Merci, maman de m’avoir dit, alors qu’adolescente et menstruée je me discréditais de brailler de façon trop spectaculaire: "Ce qui te sort quand t’es menstruée, ça sort p’têt’ trop fort, mais ça veut pas dire que c’est pas vrai ni précieux!" Je remercie Lise qui, à 60 ans, tonne en riant contre ses bouffées de chaleur et ses pertes d’énergie mais me dit que sa ménopause l’invite comme jamais à l’intériorité – et pas à la modestie féminine, au contraire. Merci à Isabelle Brabant qui, par son beau livre Une naissance apprivoisée, m’a incitée à trouver un sens à la douleur des contractions. À l’intérieur de la bulle complice que mon compagnon et moi nous sommes inventée pendant les 15 heures de travail qui précédèrent mon épidurale, nous avons parcouru le plus amoureux, intrépide et désinhibé de nos voyages.

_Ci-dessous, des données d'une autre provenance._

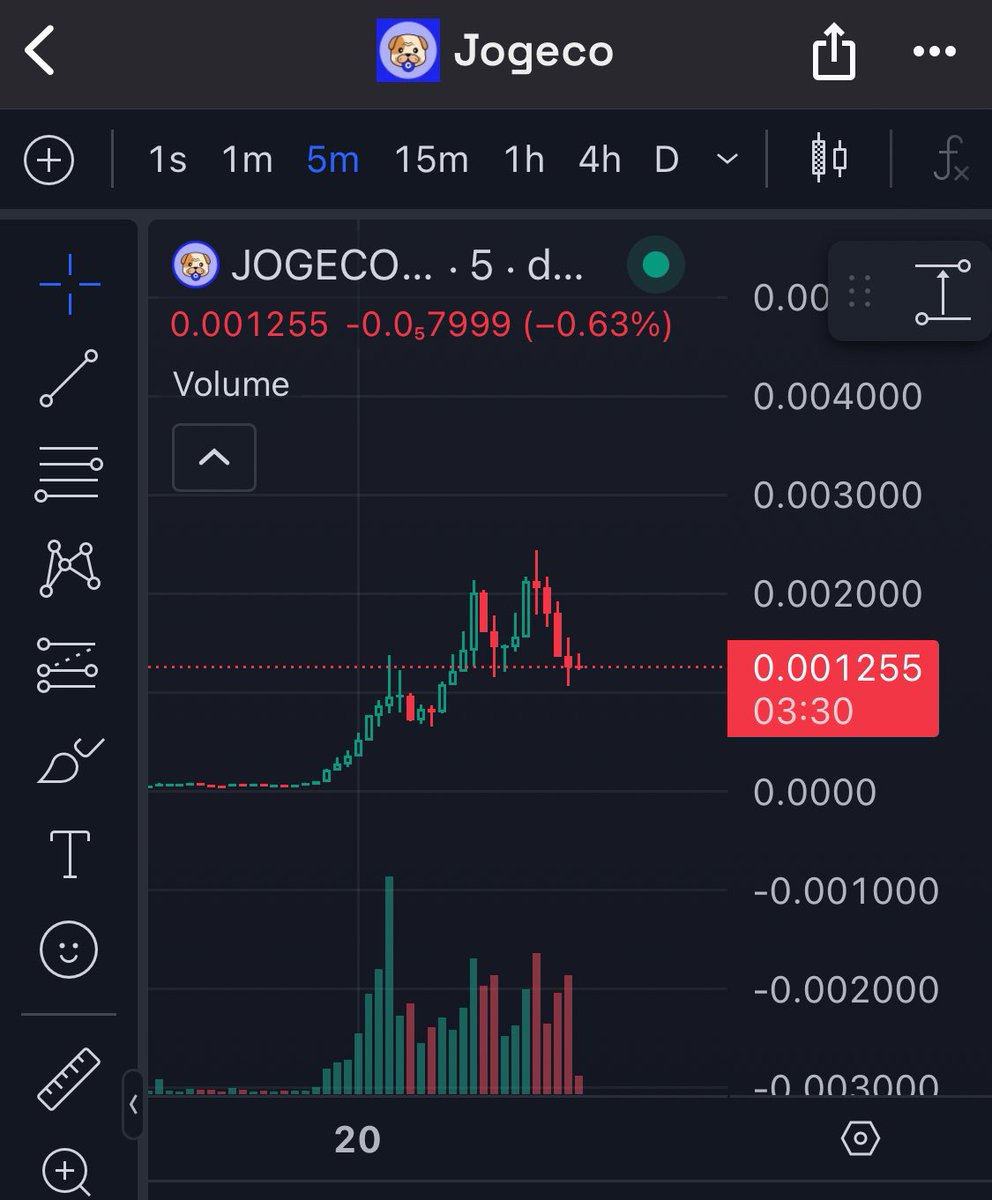 Slicko ₿ tweet media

Mais faudrait pas croire… La réhabilitation de ma biologie me demande une sacrée vigilance. Je me vois encore il y a deux mois, participer à la tribune Féminin pluriel de l’émission Indicatif présent animée par Marie-France Bazzo. Il me fut loufoque de constater que dans mon cas, ce matin-là, le véritable discours sur la femme ne sortait pas de ma bouche, mais se jouait (de moi) dans ma tête: "Mais tu ne te souviens d’absolument rien de ce que tu as préparé hier! Arrête d’allaiter, ta matière grise te fuit par les mamelons! T’es vraiment pas encore sortable!" Alors qu’allaitante et en déficit de sommeil, je m’entêtais sans succès à penser dans le même mode qu’"avant", je passais complètement à côté de mon mode de pensée actuel, me privant de lui. Non pas qu’il eût été génial, mais incarné. En discréditant mon parcours féminin, je passais à côté de moi.
On n’a quand même pas que ça à faire, avoir des humeurs, errances et débordements. Ça demande temps et énergie et c’est pas propre. Un peu comme du sang, ça peut saloper partout. Vivement l’ultime tampon hygiénique: le tampon-à-humeurs-super-absorbant. Il refoulera à la sortie ces fichues hormones, ces hors-norme, ces hors-la-loi, et les mots des maux de femmes avec!